As one writer wrote, ‘There’s a loss of heart for almost everything such as for fidelity in relationships, as less and less people find within themselves the resiliency needed to live out the tensions that long-term commitment inevitably brings; Hence, more and more, we have less heart to put up with the strains and tensions of family, church, neighborhood, community, and country. Fidelity is never an easy journey. Yet we are surrounded by examples to promises made and promises kept. We celebrate with husbands and wives who celebrate 25 or 50 or 60 years of marriage. We celebrate with teachers who retire after years of teaching in our schools. Last week at a Passionist community in Jamaica, New York I celebrated with two classmates our 60 anniversary of ordination and others celebrated 50 and 25 years.

Jesus wanted from his followers that same commitment he had to always do the will of his Father, that why Luke tells us that Jesus set his face to go to Jerusalem, Jesus was determined to go where he would confront the religious authorities for their allowing his father’s house to become a market place instead of the house of prayer it was meant to be. Jesus’ cleansing the temple was the last straw. The religious authorities made the decision, he had to go.

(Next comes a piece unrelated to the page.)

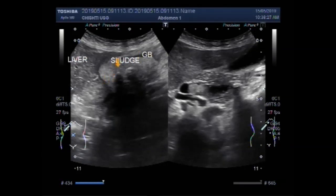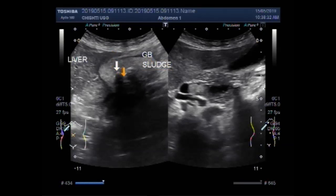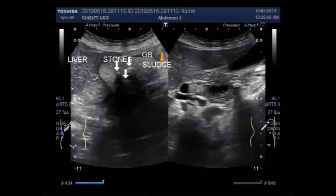These are the stones seen in the gallbladder sludge. This one is the stone in the gallbladder, and this is the sludge seen in the gallbladder.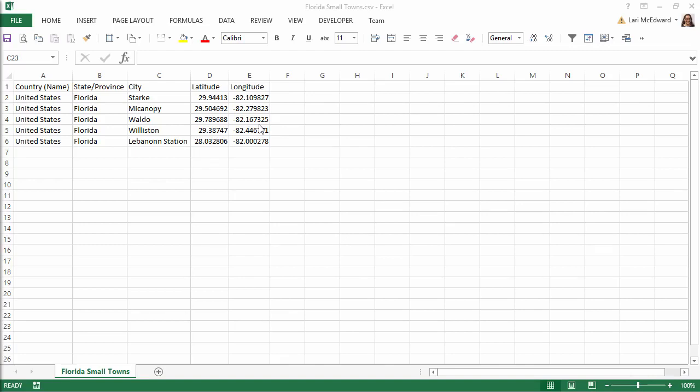Because all three levels of the hierarchy are existing roles already in Tableau, I have to name my columns exactly as Tableau knows these roles. The online help has a table with the column names to include.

We can ask how we follow Christ in the ordinary living of our ordinary lives. Some follow Christ in answering the invitation to the priesthood or religious or single life. Most follow Christ by being faithful to their marriage vows, being faithful in good times and in bad, in sickness and in health. Most follow Christ by being source of life and love to one another and their children. We all follow Christ when stand for the worth and dignity of all people regardless of their faith, their race, their life styles. We follow Christ when we support social justice issues such as a living wage or adequate housing. We follow Christ when stand against bigotry and racism and discrimination.

We follow Christ when on this Canada weekend we give thanks for living in this country of immigrants where all are welcomed and we ask God for the grace we need to be faithful followers of His Son, Jesus Christ the Lord and giver of life and love.